Burroughs's actual concerns in his particular kind of magical universe aren't anything like the way I see the world. He would never have agreed with me about conspiracy theories. He loved conspiracy theories and had a million of them, as contradictory as they might have been. But I loved all the different things he could do with language, and I loved seeing this totally vernacular streak of American language put to the service of weird, quasi-European art. With Borges, he's just sort of as close as I ever got to cosmic mysticism.

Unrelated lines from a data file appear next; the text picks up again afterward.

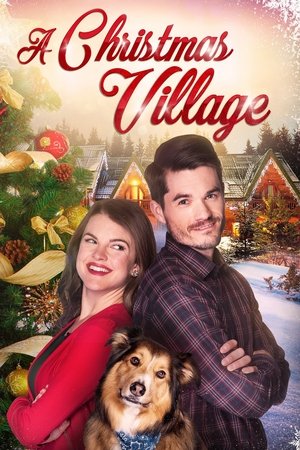 Watch Free A Christmas Village (2018)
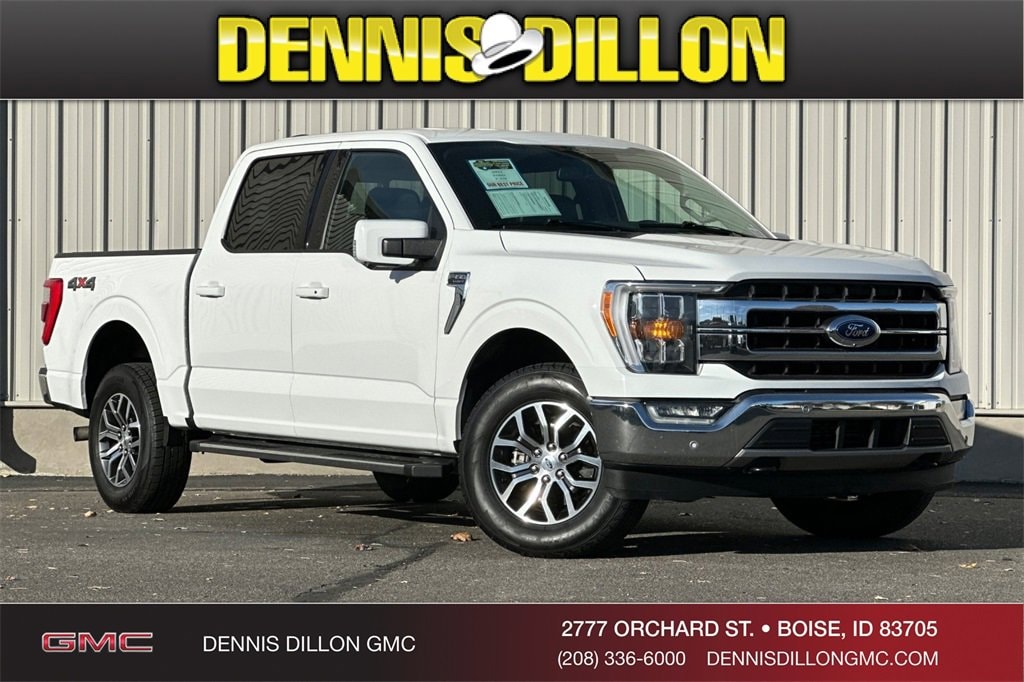 Used 2021 Ford F-150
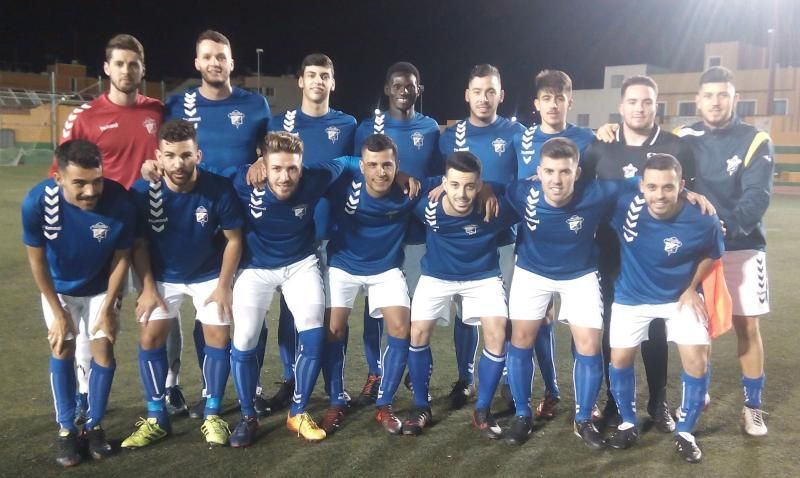 CD San Isidro 16 2 2018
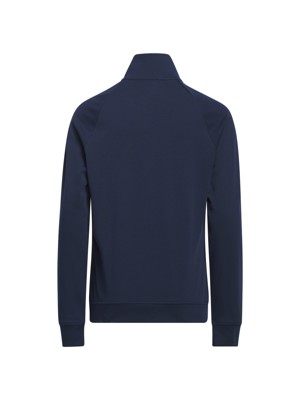 adidas Juniors Performance Quarter Zip Pullover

But even if it's a deep-down stylistic influence, these two writers seem to be on your mind a lot as a sounding board when working out ideas in the essays and speeches here. Well, that's true. I noticed that myself — they pop up all the way through, so I guess they're the influences I've been conscious of. I suspect that our artistic influences aren't all that conscious all the time. We like to tell people which writers we like so the people we're telling will think those writers are cool [laughs]. I mean, I do it. And then some others, I think, "Eh, I'm not going to mention those guys."
What's your take political leaders' disconnect with so many functions of the Internet, highlighted in the SOPA hearings last month? It's as though it's generational but it's probably not generational in the old sense. Like, it's not exclusively "old people" who don't know what the Internet is or how it works. It's some different kind of split. It's a cultural split that kind of goes along the same lines as guys who probably never learned to type because that's what secretaries do. There's still a lot of that around. The real downside of it isn't that they're being misogynist jerks, but that they wind up just not knowing how the Internet works.
There's still relatively little political attention paid to candidates' attitudes toward Internet practices. Yeah, it's very much at the bottom. I think people generally more viscerally believe that "the economy is where we live, man!" And that's true. But really, in North America, the media is where we live. It's what we do. It's not like we're making a whole lot of stuff in factories or anything. We let people in other countries do that if we can. So the Internet is very important, and if they start messing with it, I think we're about to find out how important it was!